My American hosts persuaded me to join a circle. And in a most miraculous fashion I was suddenly enlightened as to the great truth of spiritualism.

That seance was perhaps the most extraordinary experience of my life. The medium told me certain things about my family in England, and I felt as though it were my own father who was trying, psychically, to make me understand.

It was such a galvanizing experience that I communicated at once with my father, who was lecturing in Australia at the time, and I left the United States as soon as possible to return to England.

He had always refused, gently but firmly, to influence my beliefs. He used to say: "Mary, you cannot force an attitude of mind." Nor did he object to my prejudice. He thought it was nature's safeguard against accepting things before the mind, or possibly the soul, was ready for them. That is the reason that no amount of opposition makes him bitter.

Spiritualism has become the dominant influence in my life.

Under any father's guidance, I saw that the world could be made much happier if one could realize always that death means no permanent parting and that spiritualism is true and worth while only when it is linked with religion — that the two, indeed, cannot be divided.

Countless People Disagree With Him.

My father is fighting bravely a big battle on the point, for there are countless people who disagree with him.

One remarkable lesson that my father, not by words, but by his daily example, has taught me is that the individual is never so important as the idea.

My chief aim at present is to free My father so that his great big mind may assist others. I am active in spiritualism, of course and I am deeply interested in my father's guide in the spirit world. This guide, or perhaps guardian would be a better word, is named Pheneas, and is a Chaldean of extreme antiquity. The wisdom of the ancients seems to be, through him, at my father's disposal. He has told him that he is chosen now and has been specially prepared to give his life in making spiritualism universally understood and accepted.

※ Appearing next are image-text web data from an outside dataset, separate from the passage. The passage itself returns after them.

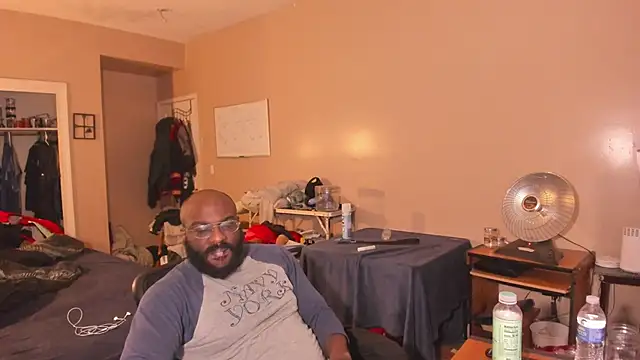 MrChuckDailyXXX online show from February 25, 10:36 am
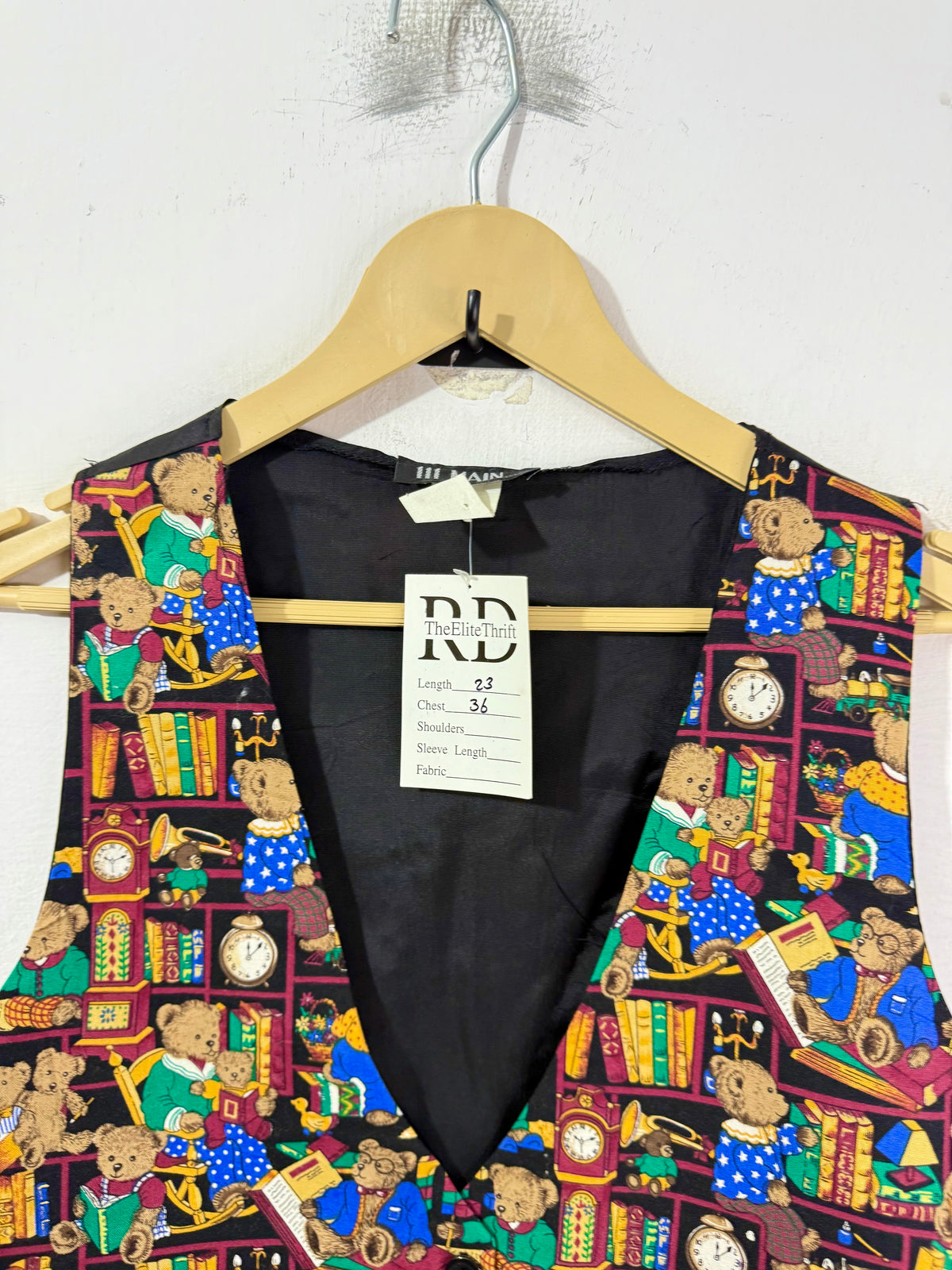 Main Vest
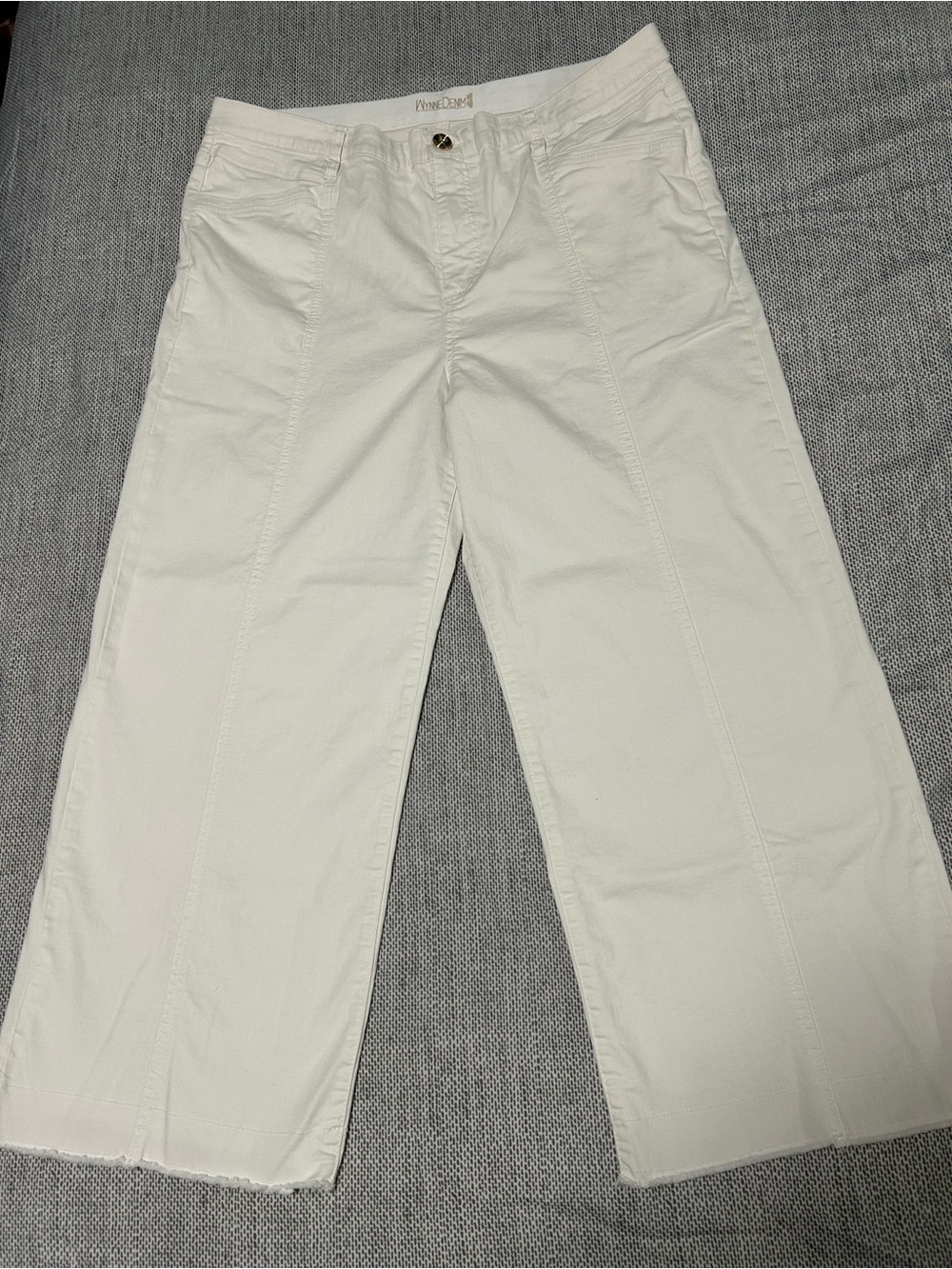 Women’s Off-White Cropped Wide-Leg Jeans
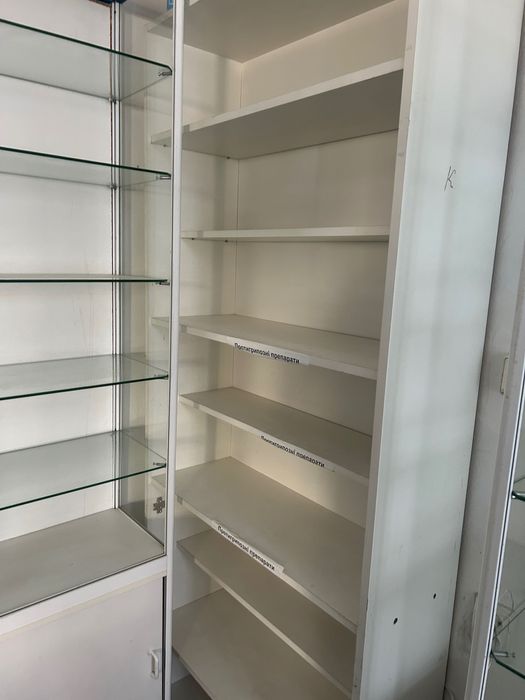 Офісна мебель різного фасони у гарному стані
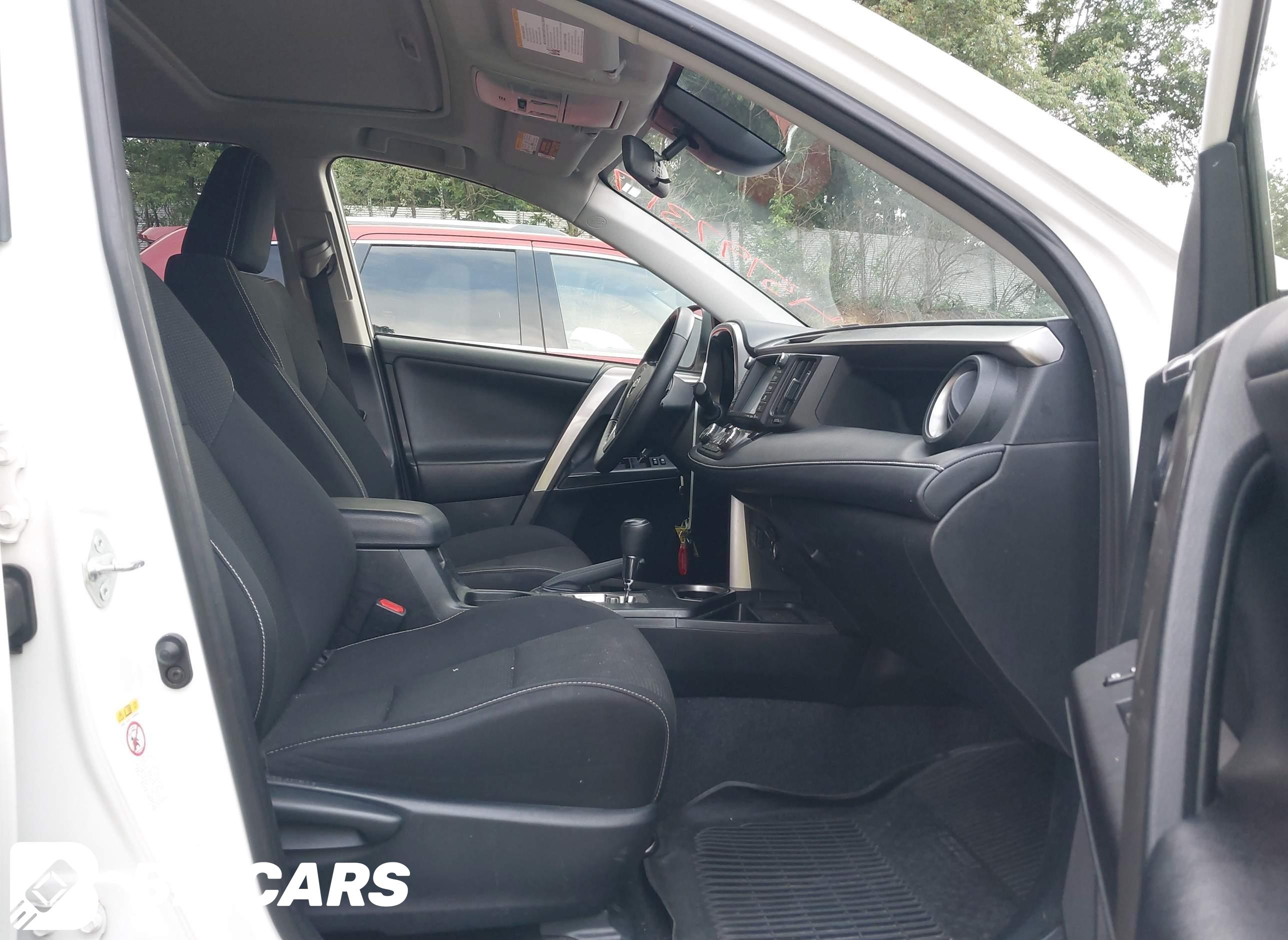 2018 Toyota RAV4, Xle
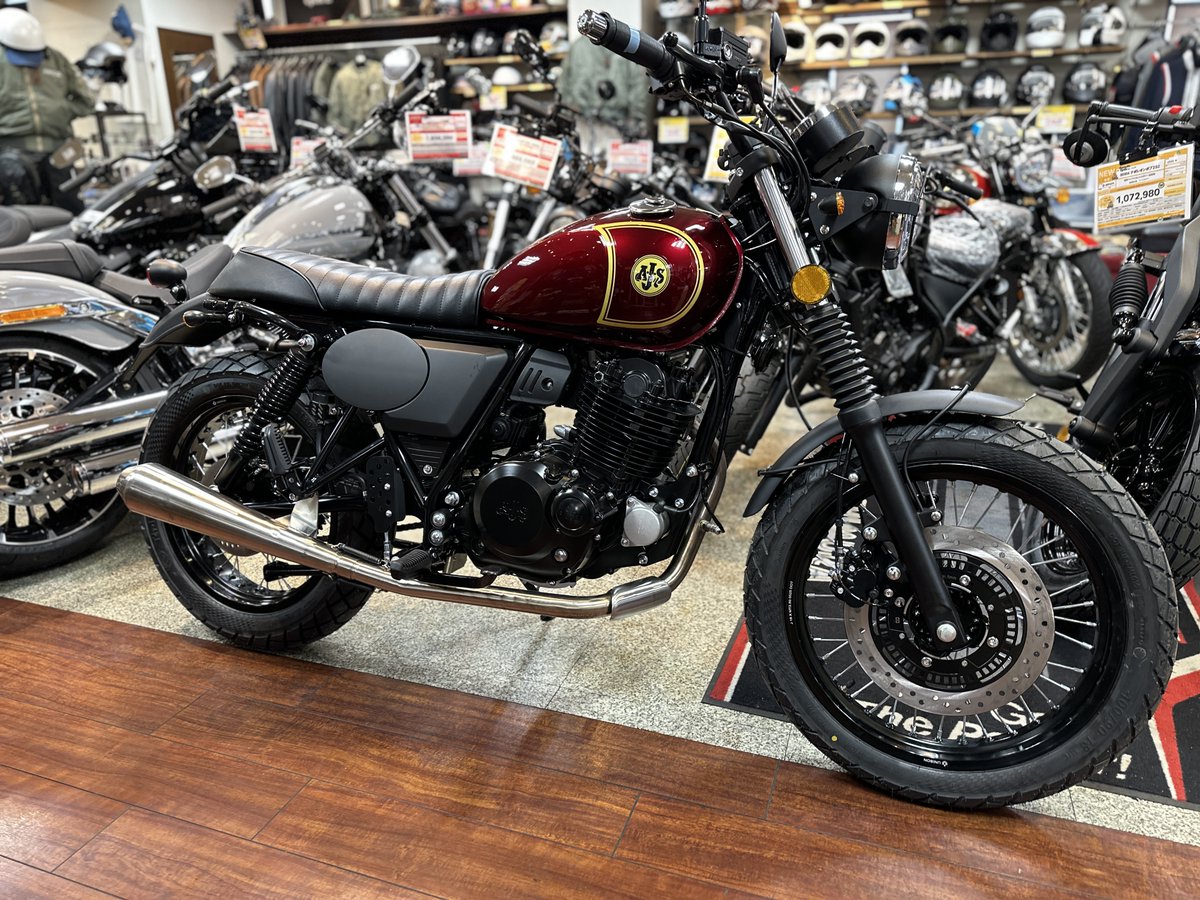 KMDex_hatahata's tweet image. #AJS 新作入荷！
スクランブラー250！！

“アルバート・ジョン・スティーブンス”の名を冠する英国ブランドから、
ついに ’71 #デザートスクランブラー125 の兄貴分！
「#Scrambler250 」 が秋田へ着弾！

サイズ感はそのままに250ccエンジン を搭載。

My father believes that, and so do I. By telling of my father's spiritualistic work, I have been trying to show the tremendous effect he has had upon me. At times, I confess, his mental activity is so overstimulating that I react against it and seek refuge in music, I have not been granted quite the degree of vitality that is so marked a trait of my father. This confirms the statement of Pheneas, the Chaldean, to the effect that he has been specially singled out for his mission.

But there are, of course, other aspects of my father's character. It is true that I lose sight of these at times, because I am so absorbed in his earnestness. I try to give out to him whatever I have in the way of personal energy, but some of the best times that I have had with him have been when we have gone in for some sport together.

He is a good golfer, a fine swimmer, an all-around sportsman.

From him I have learned that, although life in this world is only a phase of a soul's existence, it is almost immoral to neglect the body which houses the spirit until it is ready to go.

He has very little patience with spiritualists whose work and investigations make them morbid. He claims, and I believe through the evidence he has shown me and which has influenced me enormously, that spiritualism is intended to bring happiness. People's belief in it won't alter it as a fact. But, as my father has shown me, it is worth while devoting one's whole existence to showing that there is fresh hope and another world, a world with which we can communicate and which may put certain doubts and anxieties at rest.

I think that, through my father's influence, I have at least a little of his zealous spirit — and that I owe entirely to him.